Alternately, stem cells transplant doctors could:

•Insert a "suicide" gene into stem cells that turns on after transplant and isn't passed on to their differentiated progeny.

•Use chemotherapy aimed at proteins found solely on the surface of stem cells, or genes that stems solely rely upon, an approach using the drug Rapamycin in a report in the April 28 Proceedings of the National Academy of Sciences journal.

•Treat the stem cells to remove their tumor-propensities before differentiating them into organ tissues. "Of course, at this time no such methodology exists and the notion of using stem cells directly for transplants would appear to be strongly out of favor with regulators," Knoepfler says.

All of these alternatives have problems, he adds, saying, "a much more open discussion and investigation of the tumorigenic nature of stem cells than has yet to occur, particularly that of (induced cells and human embryonic stem cells), will undoubtedly prove essential for the development of safe and effective regenerative medicine therapies."

Even cancer isn't the biggest question in stem cell science, says gene therapy researcher James Wilson of the University of Pennsylvania in the May 8 Science journal. In Obama's March announcement, "he took pains to temper Americans' hopes for quick fixes," Wilson writes. "Unfortunately, some stakeholders in (human embryonic stem cell) research have failed to exhibit the same restraint, effectively promising cures for Parkinson's disease, Alzheimer's disease, spinal cord injuries, diabetes, cancer, heart disease, multiple sclerosis, muscular dystrophy, macular degeneration, and hearing loss, to name a few."

Wilson has an interesting history, best known for the gene therapy experiment that killed 18-year-old Jesse Gelsinger in 1999, "in a trial that I led," he writes. Alongside success in treating inherited blindness and immune disorders, he notes that gene therapy has triggered cancer in patients, which has "derailed" the field. "It would be unfortunate if the field of (human embryonic stem cell) research missed this lesson from history and took a similar trajectory."

Unfortunately, he suggests that many of the things that drove gene therapy to try clinical trials before the biology behind the science was understood are in play for stem cells today: Patient groups suffering from deadly diseases are "clamoring for stem cell—based therapies." Political support from universities has expanded. And "unrealistic expectations have been fueled by relentless media coverage, driven in part by a factor not present in the gene therapy roll-out: a debate over the ethics of research on human embryos and embryo cells."

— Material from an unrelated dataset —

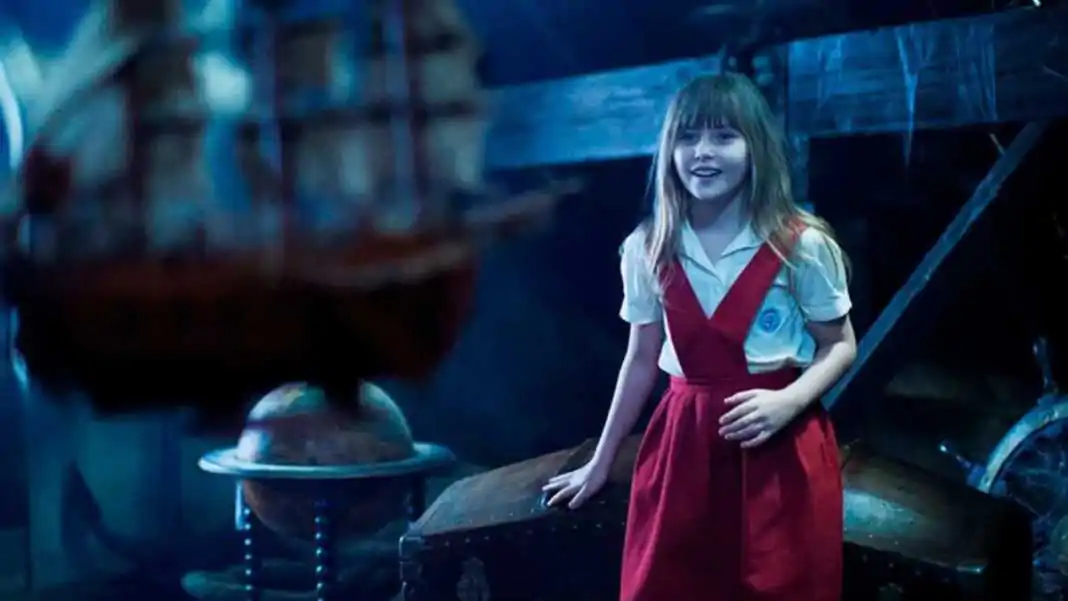 Onde assistir Pluft o Fantasminha online torrent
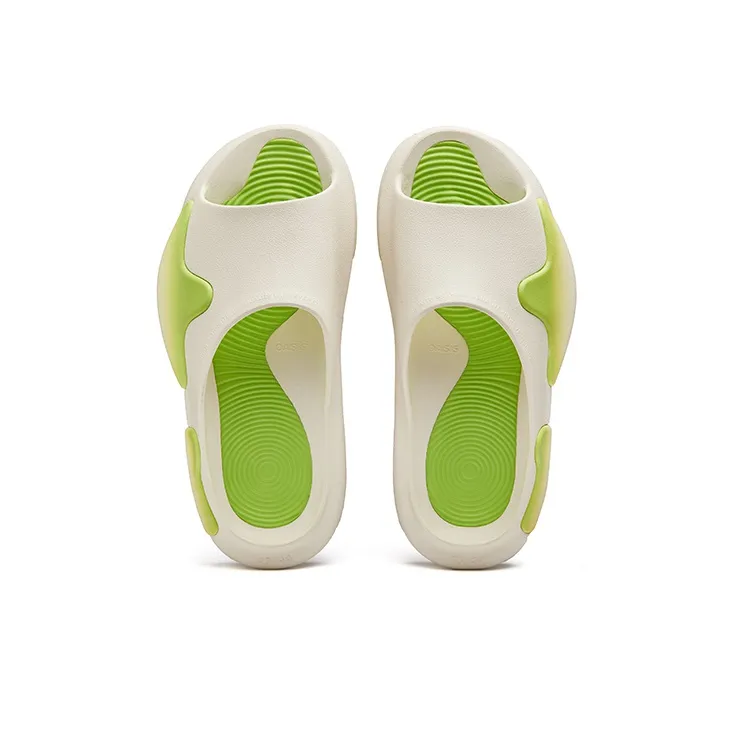 EQLZ EQUALIZER OASIS Slide Slippers Unisex Stratus Jade-3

Last year, the International Society for Stem Cell Research unveiled guidelines for human experiments of stem cell therapies, calling for increased regulation of clinical trials and care for research participants. Wilson suggests these guidelines should be written into law as part of a drive to put the brakes on stem cell clinical trials before history repeats itself, he writes. "It is difficult to avoid getting caught up in the unabashed enthusiasm that attends the emergence of a novel, but untested, therapeutic technology platform for which I can attest."